■ Exercise ■
Every entry below must be retyped exactly, and the pictures must be left out.

■ Records to process ■
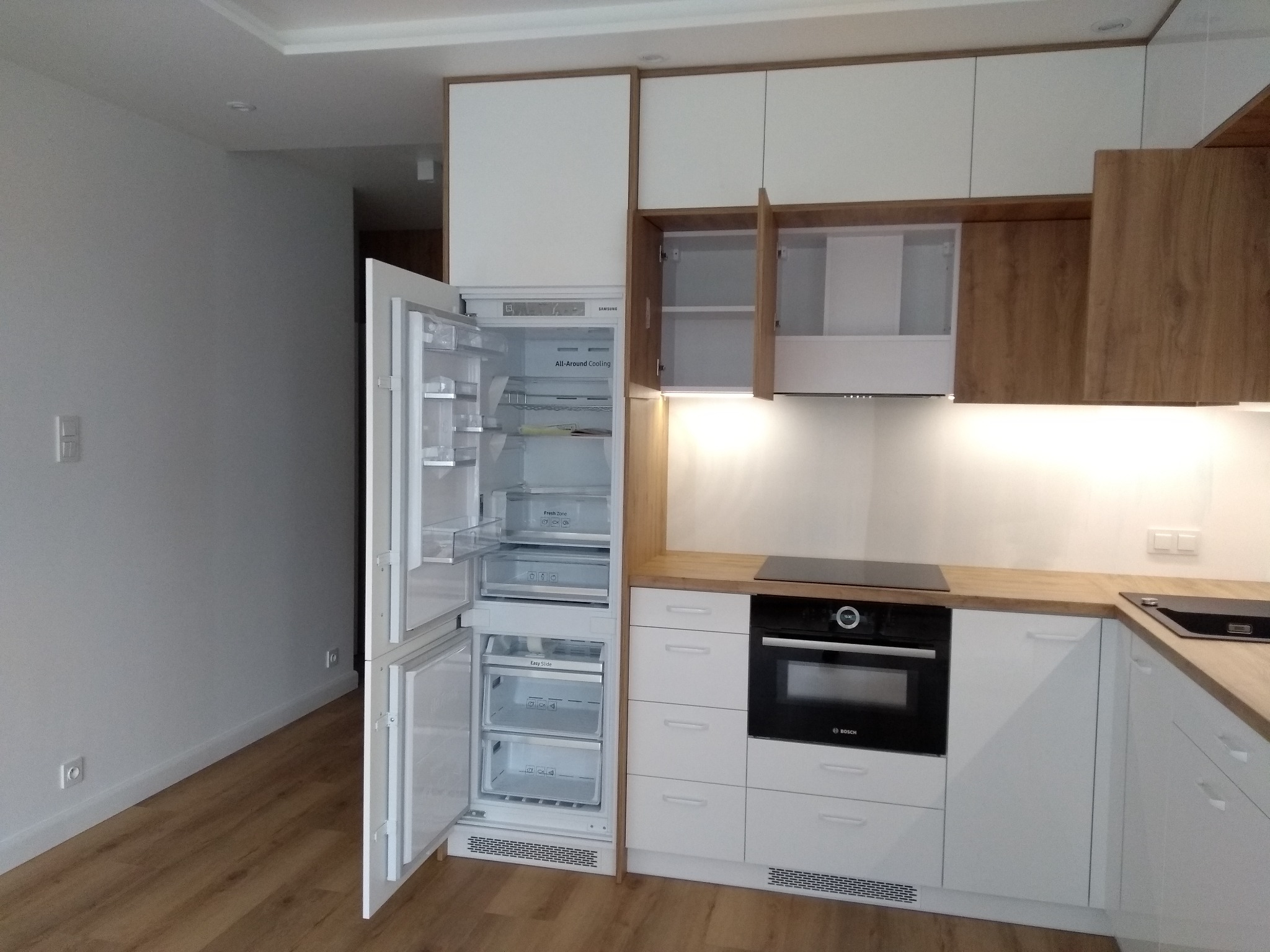 Meble kuchenne z zabudowanym okapem wraz z rurą wentylacyjną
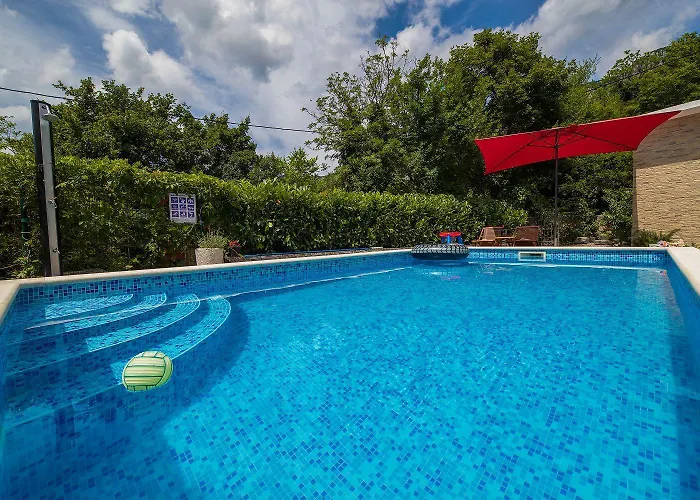 Herrliche Mit Privatpool, Garage, Spielplatz, Gasgrill, Steingrill, Wifi Holiday home *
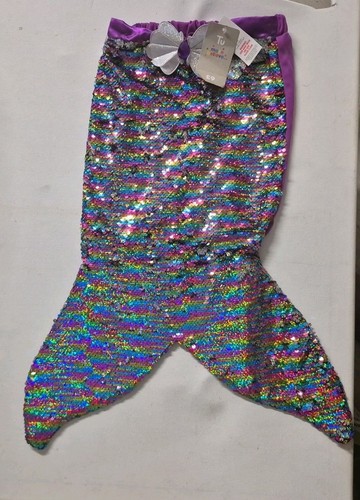 Make believe dressing up - make,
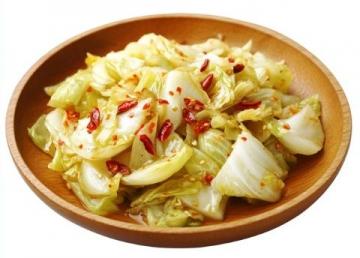 如何在家腌制脆爽美味的酸菜？簡(jiǎn)單步驟教你輕松做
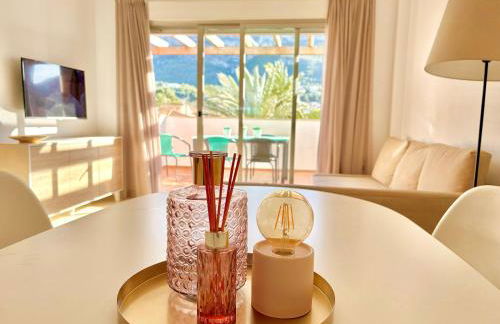 Hoteltype Penthouse 2 Beds, Parking, WIFI & pool Stunning Views - Foto 3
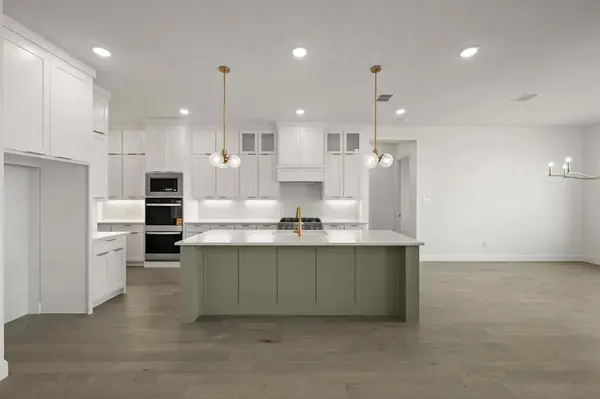 1608 Rolling Oaks Drive, Fort Worth, TX 76008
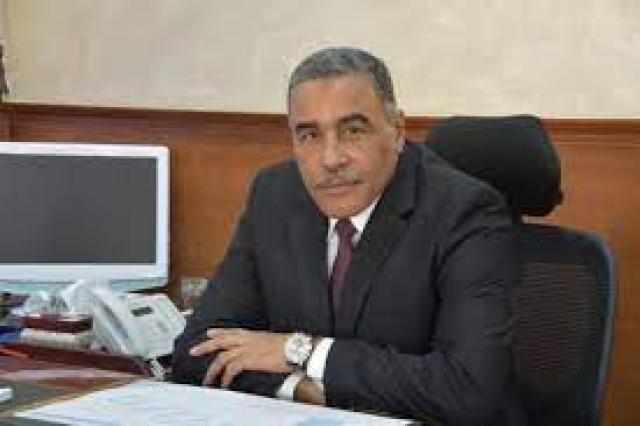 محافظ مطروح يوجه بالارتقاء بالخدمات المقدمة للمواطنين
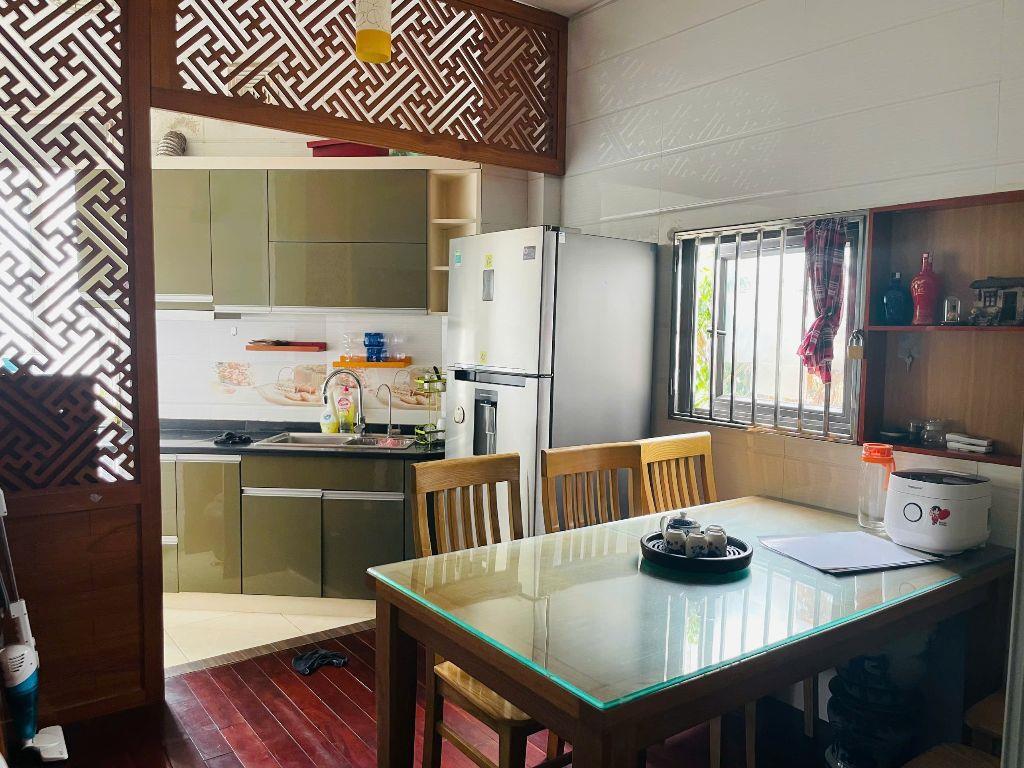 Cho thuê nhà riêng phố Hoàng Văn Thái, Thanh Xuân 40m x4T ô tô đỗ trong nhà sẵn nội thất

■ Finished exercise ■
 Meble kuchenne z zabudowanym okapem wraz z rurą wentylacyjną
 Herrliche Mit Privatpool, Garage, Spielplatz, Gasgrill, Steingrill, Wifi Holiday home *
 Make believe dressing up - make,
 如何在家腌制脆爽美味的酸菜？簡(jiǎn)單步驟教你輕松做
 Hoteltype Penthouse 2 Beds, Parking, WIFI & pool Stunning Views - Foto 3
 1608 Rolling Oaks Drive, Fort Worth, TX 76008
 محافظ مطروح يوجه بالارتقاء بالخدمات المقدمة للمواطنين
 Cho thuê nhà riêng phố Hoàng Văn Thái, Thanh Xuân 40m x4T ô tô đỗ trong nhà sẵn nội thất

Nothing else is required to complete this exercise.